GDP grew 4.1% at an annualized rate in the third quarter, according to the estimate. Economists predicted growth of 3.6%, in line with the second estimate published by the BEA earlier this month.
Personal consumption growth surged to 2.0% from the previous 1.4% estimate.
The GDP price index came in at 2.0%, as expected, while core PCE was 1.4%, slightly below the previous 1.5% estimate.
A buildup in inventories contributed 1.7% to GDP growth in Q3, unchanged from the previous estimate (private businesses increased inventories $US115.7 billion in the third quarter, following increases of $US56.6 billion in the second quarter and $US42.2 billion in the first.)
“The key takeaway from this report is simply that the underlying momentum in U.S. economic activity has shifted up a gear in Q3,” says Millan Mulraine, deputy head of U.S. research and strategy at TD Securities. “While much of the gain in overall activity was due to inventory accumulation (accounting for 1.7 percentage points), the strengthening in domestic consumption and investment activity points to a more constructive narrative on economic activity that previously thought.”

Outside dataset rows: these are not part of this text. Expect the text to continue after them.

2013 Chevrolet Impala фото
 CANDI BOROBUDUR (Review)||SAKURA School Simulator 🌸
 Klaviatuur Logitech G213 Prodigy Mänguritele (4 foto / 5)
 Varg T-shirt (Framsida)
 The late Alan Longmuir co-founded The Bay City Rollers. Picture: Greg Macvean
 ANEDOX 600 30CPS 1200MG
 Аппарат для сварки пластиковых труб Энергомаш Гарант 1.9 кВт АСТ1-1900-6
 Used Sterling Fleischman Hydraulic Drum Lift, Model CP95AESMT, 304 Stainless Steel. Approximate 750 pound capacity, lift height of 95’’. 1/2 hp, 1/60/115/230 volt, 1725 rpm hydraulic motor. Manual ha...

Below is a summary of the data from the BEA:
Real gross domestic product — the output of goods and services produced by labour and property located in the United States — increased at an annual rate of 4.1 per cent in the third quarter of 2013 (that is, from the second quarter to the third quarter), according to the “third” estimate released by the Bureau of Economic Analysis. In the second quarter, real GDP increased 2.5 per cent.
The GDP estimate released today is based on more complete source data than were available for the “second” estimate issued on December 5, 2103. In the second estimate, the increase in real GDP was 3.6 per cent (see “Revisions” on page 3). With this third estimate for the third quarter, increases in personal consumption expenditures (PCE) and in nonresidential fixed investment were larger than previously estimated.
The increase in real GDP in the third quarter primarily reflected positive contributions from private inventory investment, PCE, nonresidential fixed investment, exports, residential fixed investment, and state and local government spending that were partly offset by a negative contribution from federal government spending. Imports, which are a subtraction in the calculation of GDP, increased.
The acceleration in real GDP growth in the third quarter primarily reflected an acceleration in private inventory investment, a deceleration in imports, and accelerations in state and local government spending and in PCE that were partly offset by a deceleration in exports.